民法では、婚姻後200日後に生まれた子と離婚後300日以内に生まれた子を夫の子と推定しています。子の父親が前夫か再婚した夫かを区別するためで、再婚禁止期間も同様の趣旨です。簡単な算数で離婚後100日で足りるのがわかります。
子供が蹴ったサッカーボールが校庭を飛び出し、バイクを転倒させ、親の責任が問われた事件で、最高裁は通常では人身に危害が及ぶとはいえない行為の場合、危険が具体的に予見可能でない限りは監督義務はないと判断しました。親族間の監督責任では、逆に認知症の高齢者が起こした鉄道事故の責任を家族が負うかという事件があり、最高裁の判断が待たれます。

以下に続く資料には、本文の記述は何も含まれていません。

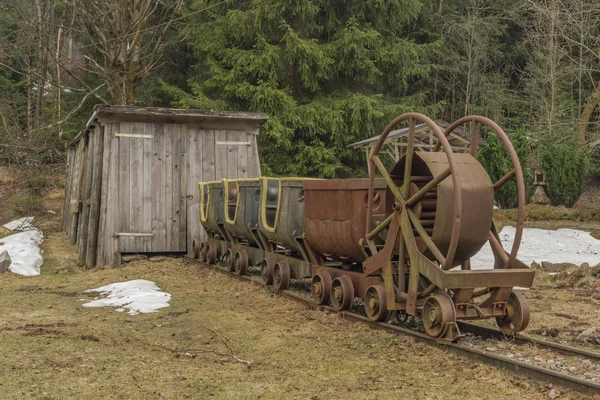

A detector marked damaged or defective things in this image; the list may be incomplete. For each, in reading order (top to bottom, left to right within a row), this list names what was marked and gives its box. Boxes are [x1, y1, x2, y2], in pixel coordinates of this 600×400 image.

rusty metal drum [199, 181, 225, 238]
rusty metal drum [221, 179, 262, 244]
rusty metal drum [258, 178, 312, 253]
rusty metal drum [304, 179, 398, 262]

職場で女性に自分の性器を自慢したり、歳を尋ね、結婚しないと親が心配するとか、お局さんになって怖がられているのではないか、などと地元の方言を使い、野卑に発言した男をセクハラ行為であると会社が決定した懲戒処分を最高裁は正当としました。
キャリーバッグに躓き転倒した事故で、キャリーバッグが歩行者の歩行を妨げたり、躓いて転倒させることがないよう、注意すべき義務を負うとして賠償を命じました。気をつけてください。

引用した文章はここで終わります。